** Opening Material provided block **
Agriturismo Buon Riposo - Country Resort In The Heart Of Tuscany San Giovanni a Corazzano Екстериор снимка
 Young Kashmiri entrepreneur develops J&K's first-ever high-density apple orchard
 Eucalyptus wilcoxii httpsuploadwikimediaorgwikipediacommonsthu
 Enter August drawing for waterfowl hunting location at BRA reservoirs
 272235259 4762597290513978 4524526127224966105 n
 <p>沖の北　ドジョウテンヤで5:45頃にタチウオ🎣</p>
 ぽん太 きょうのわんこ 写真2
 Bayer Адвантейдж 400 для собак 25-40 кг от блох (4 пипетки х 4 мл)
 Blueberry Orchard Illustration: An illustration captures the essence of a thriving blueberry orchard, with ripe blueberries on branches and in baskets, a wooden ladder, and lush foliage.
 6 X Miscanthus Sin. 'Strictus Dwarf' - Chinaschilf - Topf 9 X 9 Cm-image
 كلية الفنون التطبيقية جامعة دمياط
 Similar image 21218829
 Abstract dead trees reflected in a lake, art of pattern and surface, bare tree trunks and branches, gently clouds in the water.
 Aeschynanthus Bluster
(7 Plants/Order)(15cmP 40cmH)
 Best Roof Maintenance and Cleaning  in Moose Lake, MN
** Closing Material provided block **
_Exercise instructions:_ Please write out, exactly as they appear, the lines from the one containing "Blueberry Orchard Illustration: An" through the last line of the records above, and nothing more.

_Answer section:_
 Blueberry Orchard Illustration: An illustration captures the essence of a thriving blueberry orchard, with ripe blueberries on branches and in baskets, a wooden ladder, and lush foliage.
 6 X Miscanthus Sin. 'Strictus Dwarf' - Chinaschilf - Topf 9 X 9 Cm-image
 كلية الفنون التطبيقية جامعة دمياط
 Similar image 21218829
 Abstract dead trees reflected in a lake, art of pattern and surface, bare tree trunks and branches, gently clouds in the water.
 Aeschynanthus Bluster
(7 Plants/Order)(15cmP 40cmH)
 Best Roof Maintenance and Cleaning  in Moose Lake, MN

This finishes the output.